Et tu danses

Gabriel était incontestablement quelqu'un de physique. Tout le monde en convenait, y compris Dieu quand il pensait à la boule d'énergie qu'était le quatrième des Archanges.

La grande majorité des habitants du Paradis pensait que son agitation constante lui venait des quantités horrifiantes de sucre qu'il ingurgitait quotidiennement. Ses trois frères aînés pensaient juste qu'il était hyperactif de naissance.

Gabriel savait que son excitation perpétuelle était provoquée par ses ressentis.

Le monde l'agressait. En permanence. Où qu'il aille, quoi qu'il fasse, le monde l'assaillait constamment, lui rentrant par tous les pores de la peau, l'ensevelissant sous sa simple existence, faisant jaillir en lui sans trêve des émotions qui s'empilaient à une telle vitesse qu'il voulait hurler pour les expulser le plus vite possible.

Il aurait pu devenir un agité chronique, incapable de faire autre chose que de hurler toute la journée pour évacuer l'énergie qui ne voulait pas cesser d'affluer dans son corps. A la place, il avait trouvé un autre moyen.

Un jour, Lucifer était rentré chez lui et avait eu le traumatisme de sa vie en découvrant son petit frère âgé de huit ans qui se trémoussait dans le salon sur une musique de sauvage, sans rien d'autre sur la peau que sa culotte.

« Gabriel ! Au nom de Papa, qu'est-ce que tu fais ? »

Sans cesser de se tortiller, le mioche avait lâché :

« Je fais taire le monde. »

Forcément, Lucifer avait traîné son protégé chez Raphaël tout de suite après l'affaire.

« Alors, tu t'es mis en slip pour danser au beau milieu du salon » avait résumé le guérisseur. « Tu veux bien m'expliquer pourquoi ? »

Gabriel avait haussé une épaule.

« Il fallait que je le fasse. Sinon, j'aurais explosé. »

La consultation s'était arrêtée sur ces mots. Pour le gardien paniqué – Raphaël, dis-moi s'il faut qu'il suive une thérapie – l'Archange à la peau brune avait tout simplement dit :

« Laisse faire. Tant que ça ne casse rien ! »

L'argument avait touché en plein dans le mille, et Lucifer avait laissé son petit frère danser quand l'envie lui en prenait. Même s'il le harcelait pour qu'il ne fasse pas ça pratiquement nu.

De loin, c'était le moyen préféré du quatrième des Archanges pour se vider l'esprit. Se concentrer sur chacun de ses mouvements. Essayer de devenir un courant marin, tout en fluidité et souplesse.

Curieusement, alors que Gabriel ne cessait pas de se casser la figure, de s'emmêler les ailes dans tout et n'importe quoi et de rentrer dans les gens ou dans les choses, il devenait d'une grâce remarquable quand il dansait.

Lorsqu'il était devenu un gardien, Castiel l'avait surpris à une occasion. L'enfant n'avait rien dit, se contentant d'observer son frère aîné.

« On dirait que ton corps va partir en miettes » avait-il déclaré après la séance.

« C'est parce qu'il a beaucoup de choses à exprimer, minouche. Quand je danse, c'est la façon qu'a mon corps de crier ce qu'il a besoin de dire. »

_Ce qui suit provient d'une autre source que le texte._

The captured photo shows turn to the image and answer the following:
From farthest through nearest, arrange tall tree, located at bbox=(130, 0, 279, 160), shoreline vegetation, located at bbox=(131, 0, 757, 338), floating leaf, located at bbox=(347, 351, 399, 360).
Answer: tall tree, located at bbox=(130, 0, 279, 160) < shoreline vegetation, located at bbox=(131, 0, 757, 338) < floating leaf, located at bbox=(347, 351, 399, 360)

Par la suite, Castiel avait toujours réussi à trouver un moyen ou un autre d'espionner Gabriel quand celui-ci se mettait à danser.

Longtemps après, en repensant à ce corps gracile agité par des sentiments plus que puissants, Castiel se disait que Gabriel méritait réellement son titre de Messager, celui qui transmet l'information, celui qui est plongé dans la communication.

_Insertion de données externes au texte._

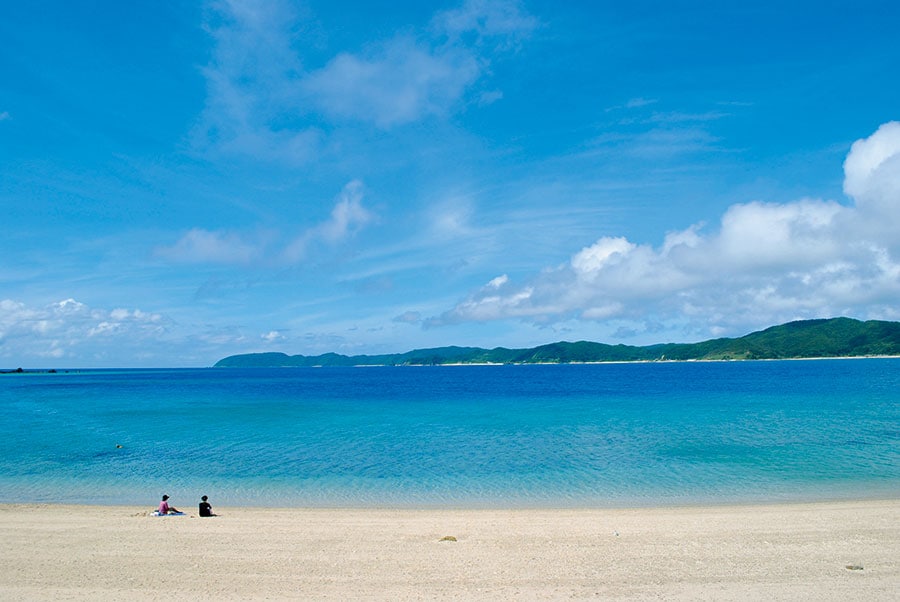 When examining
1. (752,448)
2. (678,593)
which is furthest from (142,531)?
(752,448)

Car le corps de l'Archange criait bel et bien pendant la danse, et le message était tout sauf tendre.

Le corps de Gabriel criait la beauté, l'intensité, la violence inhérente à la vie, au monde, à la Création même.

Le corps de Gabriel criait sans mots, un cri interminable, insoutenable, inoubliable. Un cri magnifique, passionné et vivant, d'une vie telle que le reste du monde en apparaissait mort par contraste.

Le corps de Gabriel criait ce qui ne pouvait pas être dit.

Un jour, l'Archange aux cheveux roux avait trouvé Castiel en caleçon dans sa chambre, se déhanchant maladroitement dans tous les sens.

« Je peux savoir ce que tu me fais, là ? »

Concentré de toutes ses forces, l'enfant avait néanmoins pris la peine de répondre.

« Je fais comme toi. Je parle sans rien dire. »

Gabriel avait souri.

« Il faut encore que tu travailles sur la chose, mais ne te décourage pas, bonhomme. »

Le front plissé par l'effort, Castiel n'avait pas semblé entendre.